WHAT YOU WILL DO: Repeat the data that follows in full. Do not include the pictures.

INPUT DATA:
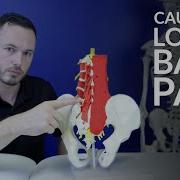 Low Back Pain The Most Common Causes Of Lower Back Pain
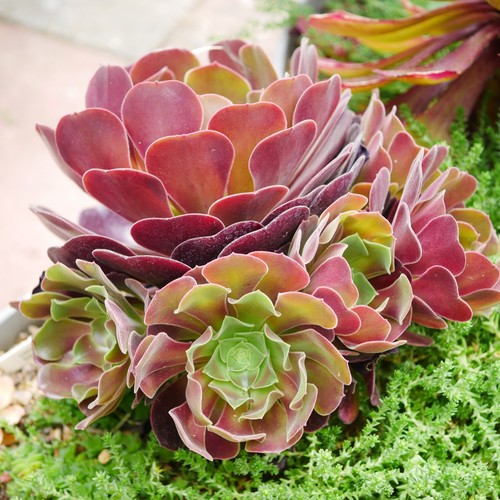 Exact plant aeonium velour - aeonium,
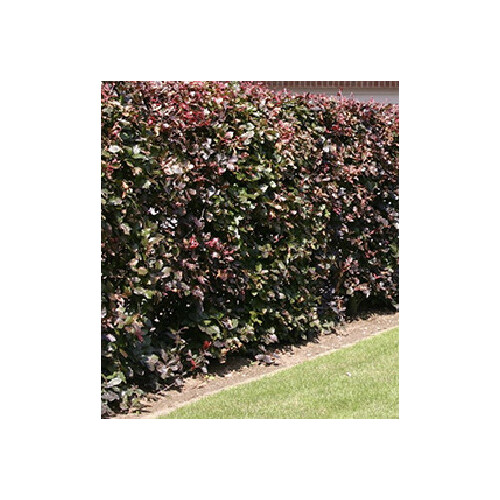 Heidelbeere BrazelBerry® "Jelly Bean"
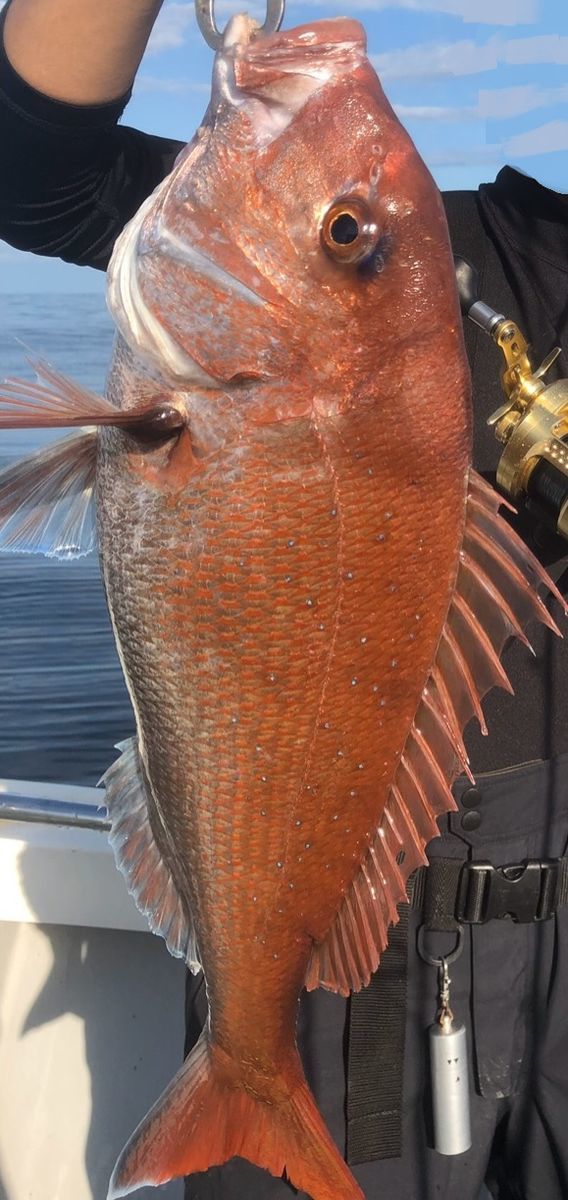 鯛釣れた! 鯛釣れた!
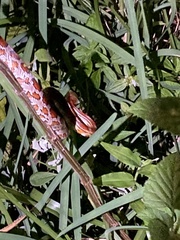 Pantherophis guttatus
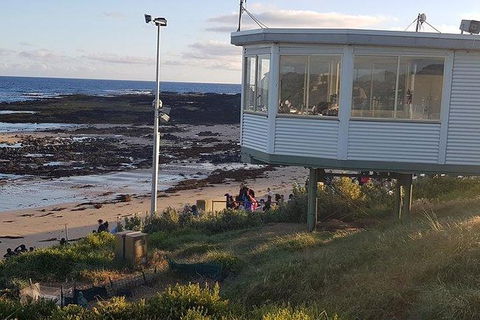 Phillip Island Penguin And Wildlife Tour - Kingaroy Accommodation 33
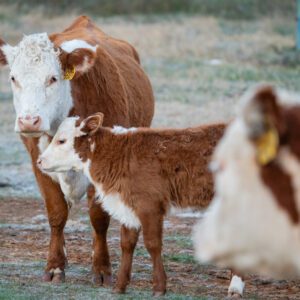 A cow and two calves in the grass.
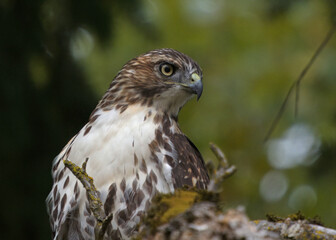 portrait of an immature Red-tailed Hawk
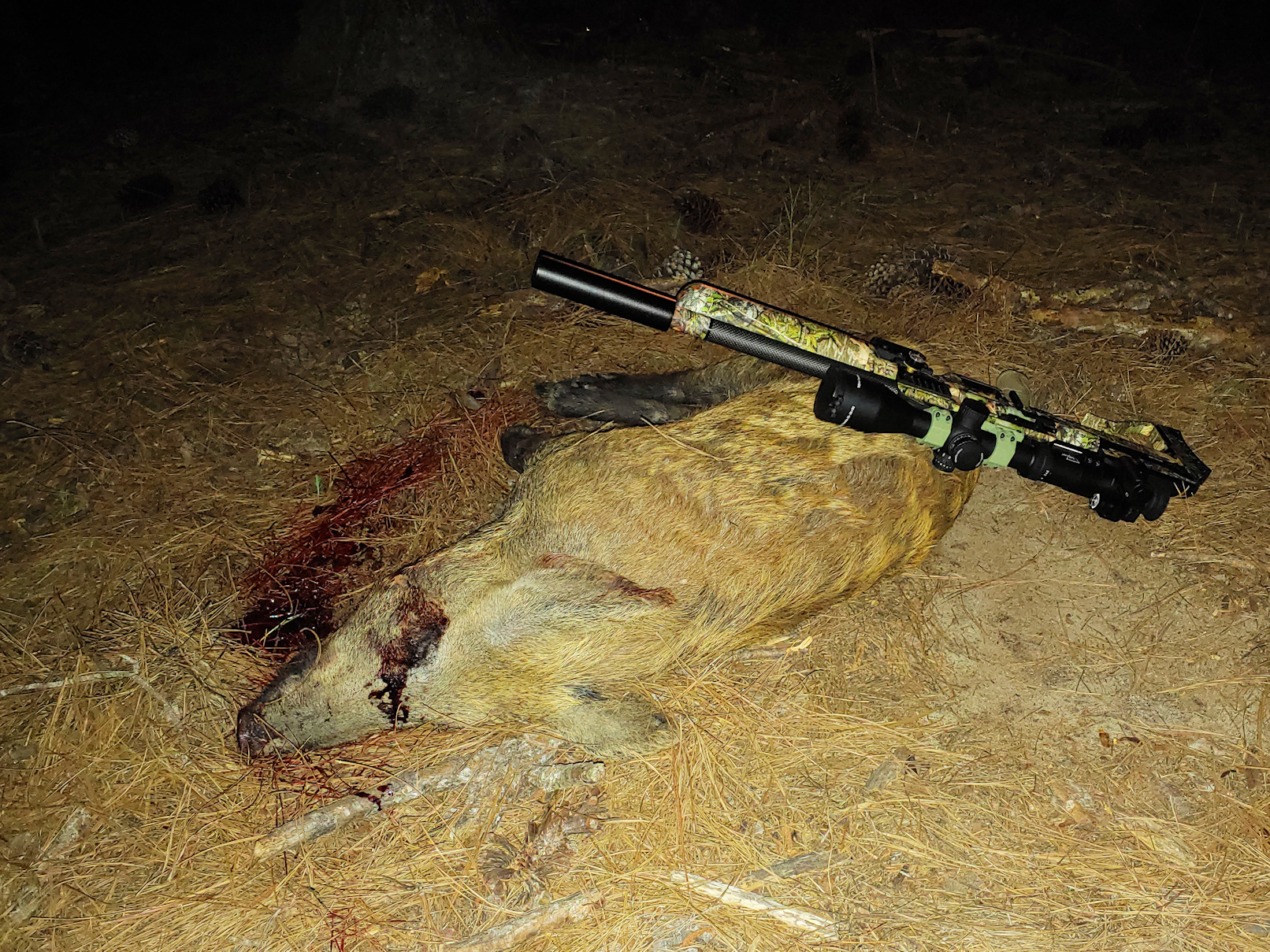 pig dead.jpg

EXERCISE RESPONSE:
 Low Back Pain The Most Common Causes Of Lower Back Pain
 Exact plant aeonium velour - aeonium,
 Heidelbeere BrazelBerry® "Jelly Bean"
 鯛釣れた! 鯛釣れた!
 Pantherophis guttatus
 Phillip Island Penguin And Wildlife Tour - Kingaroy Accommodation 33
 A cow and two calves in the grass.
 portrait of an immature Red-tailed Hawk
 pig dead.jpg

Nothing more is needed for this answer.